State Machines for Realtime Data Processing
After working on realtime data processing logic for hundreds of hours I have identified a few tips and tricks which drastically help simplify the development of these tools. There is an inherent difficulty with regard to realtime data processing, which is that operations need to be executed on single data packets, while incorporating contextual data from the past.
Although realtime data processing initially might look more difficult than batch based processing, this doesn't need to be true. Having a realtime pipeline would allow one to process batches of data, while having a batch based pipeline would not allow realtime processing.
In this post I'll document a few architectural tips and tricks to make realtime data processing look less daunting.
A thing which keeps surprising me is that more often than not realtime data processing is offered as a feature embedded in tools rather than a programming paradigm. Personally I find it daunting to learn a new tool for something I can more easily build and integrate within my existing software solution.
Over the course of the last five years I have spent hundreds, if not thousands of hours building data processing tools. Every time the common denominator was the fact that it had to be realtime, or if realtime was difficult to achieve, a semi realtime process. Thankfully I wasn't working in finance and therefore speed wasn't the biggest of concerns. Money based computing limitations however have inspired me to try and write somewhat efficient processes, which in turn taught me how to write simple software. Even though simplicity is the key to write great (and maintainable) software, it is almost a necessity for writing realtime data processing algorithms.

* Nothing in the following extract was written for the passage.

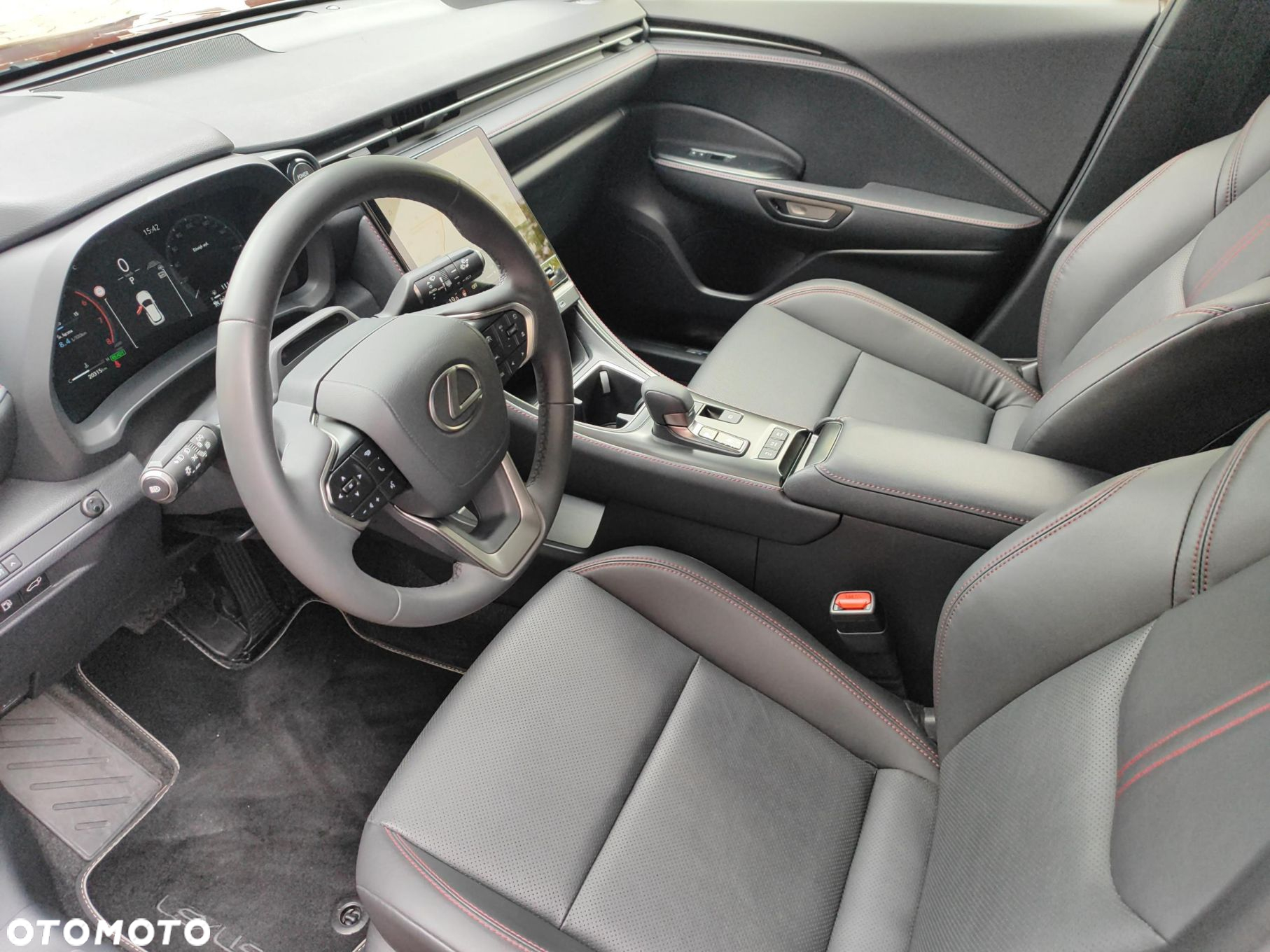 Lexus LBX 1.5 Hybrid Emotion - 9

Mind you, I'm not talking about the data processing wherein some mathematical operations are applied to a single observation, but the type where statistical operations need to be continuously applied to new data, taking previous data into account. It's this type of data processing where a state machine absolutely shines.

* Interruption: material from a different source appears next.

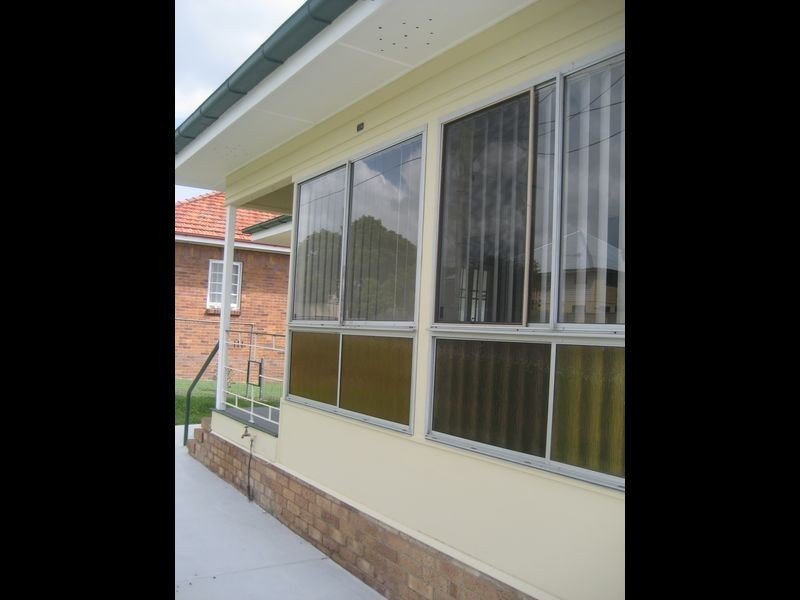 136 Glebe Rd, Booval QLD 4304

The reason especially a state machine shines is because it transparently shows the transitions between different states. This transparency makes it easier to reason about the whole system, and gives the possibility to identify potential bugs easier.
Over the course of time I have slightly changed the mental model with which I work on state machines. Initially I started out by describing the logic required to reach a certain point. Over time this has evolved in a mechanism whereby I started describing the states in which a (phsyical) system can reside. This lead to unexpected and profound improvements in code quality, and simplicity.
Describing the state of a system
One of the most impressive state machines I have built is the flight processing logic I developed for use with Skyhop. In essence it accepts a bunch of data points describing the position of aircraft, and returns metadata about the flights such as departure and arrival information.
The following four states describe the critical situation a flight can be in;
During a normal flight they should transition in order, however there are also possible deviation, such as an aborted departure where the departing and arriving state quickly follow up on one another.
The essence of these states is that they describe how to deal with new data. Each state has access to the 'context' which describes previous conclusions, and to which each state can append to. The departing state for example checks what type of departure is happening, and redirects the machine to the airborne state to deal with such data, or when the departure is aborted, redirects the machine to the arriving state to track the arrival.
About the context
The context is one of the most important aspects of the state machine because it enables one to describe the conclusions made by the state machine itself in a transparent way accessible to all individual states. This state is later also communicated to the outside world as the result of the state machine.
This offers a great deal of flexibility. Partly because each individual state does not have to recompute past conclusions, as well as freedom in the way each state reacts to different situations.
Be warned though, because each state can access the context it is possible to create a situation where a state is unable with the data within the context which might possibly halt the whole machine. Though fairly easy to debug when knowing the state the machine stopped in, as well as having the context, this would be a situation undesirable in a production environment.
Dealing with continuous data
When starting out with state machines I had a machine which processed each data point individually and had a number of states describing how the machine should determine what kind of data point we were processing. This approach essentially takes over some functionality which would be better and easier implemented through the structure of the state machine itself.
Usually a state machine is triggered by specific actions, but in the case of data processing I have found it more beneficial to have a single trigger which responds to newly available data. By convention the states are also responsible to transition to a different state, instead of user action.
Give we're dealing with realtime data it's only reasonable to asynchronously trigger callbacks to the implementation running this state machine. Incidentally, because the real-world state of the system is described, these callbacks, or usually events in my case, will mostly correspond with the state transitions themselves. When using the realtime state machine to run a batch job I usually access the data through the latest fired event to access the context object and extract all relevant data.